「お食い初め(おくいぞめ)」は生後100日の子どもに与える食事のことで、子どもが一生食べ物に困らないよう願いを込めた行事です。
このお食い初めに用いられる魚介類にはマダイやタコがありますが、他にもよく用いられる魚がいます。
それがカナガシラという魚。ではなぜ、このカナガシラが縁起物として扱われているのでしょうか?
カナガシラとは
カナガシラはホウボウ科カナガシラ属に分類される魚です。浅海から深場の砂泥底に生息し、釣りや定置網、底引き網など様々な漁法で見ることができます。
本種はカナガシラ属の中では大きくなることに加え、味も良いことから食用になりますが、近縁種のホウボウと比較すると知名度が低く、価格も比較的お手頃です。
近縁種のホウボウとしばしば混同されますが、ホウボウよりも鱗が粗くざらざらしていることや胸鰭内側の色彩の違いにより区別することができます。
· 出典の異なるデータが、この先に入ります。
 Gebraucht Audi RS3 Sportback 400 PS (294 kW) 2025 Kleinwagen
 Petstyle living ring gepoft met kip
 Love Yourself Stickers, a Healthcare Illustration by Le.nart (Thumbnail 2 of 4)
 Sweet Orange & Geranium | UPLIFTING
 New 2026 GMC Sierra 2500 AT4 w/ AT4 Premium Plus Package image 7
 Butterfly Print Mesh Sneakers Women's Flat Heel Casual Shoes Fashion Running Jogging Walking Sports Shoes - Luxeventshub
なお、カナガシラ属の魚は日本から11種が知られており、いずれも形態がよく似ることから区別は容易ではありません。
お食い初めにカナガシラを食べる理由
カナガシラはホウボウに比べるとマイナーな魚ですが実はある行事には欠かせない魚といいます。
カナガシラを漢字で書くと「金頭」。これはカナガシラの頭部が非常に硬いことに由来した名前です。カナガシラが縁起物として扱われる理由は、この硬さにあります。
生後100日に行うお食い初めは「子どもが食べ物に困らないように」という願いが込められています。カナガシラを用いる理由としては諸説あるものの、一説には本種の頭部が非常に硬いことから、「子どもの歯が丈夫に育つように」という意味が込められているといいます。
長崎ではカナガシラを節分に食べる
カナガシラが縁起物として活躍するのはお食い初めだけではありません。
長崎県ではカナガシラを「ガッツ」と呼んでおり、主に底引き網で漁獲されています。カナガシラの顔を正面から見ると鬼の顔に見えることから、食べると邪気を払うと言われているほか、金運が上がるとして長崎県の節分にはなくてはならない存在です。
節分の日には、カナガシラの価格が通常の数倍にまで跳ね上がるといいます。
ホウボウの影に隠れているカナガシラですが、味もよく、地域や行事によっては縁起物として重宝されているのでした。このように歴史や文化を知るだけで魚を食べる時の有難みが増しますね。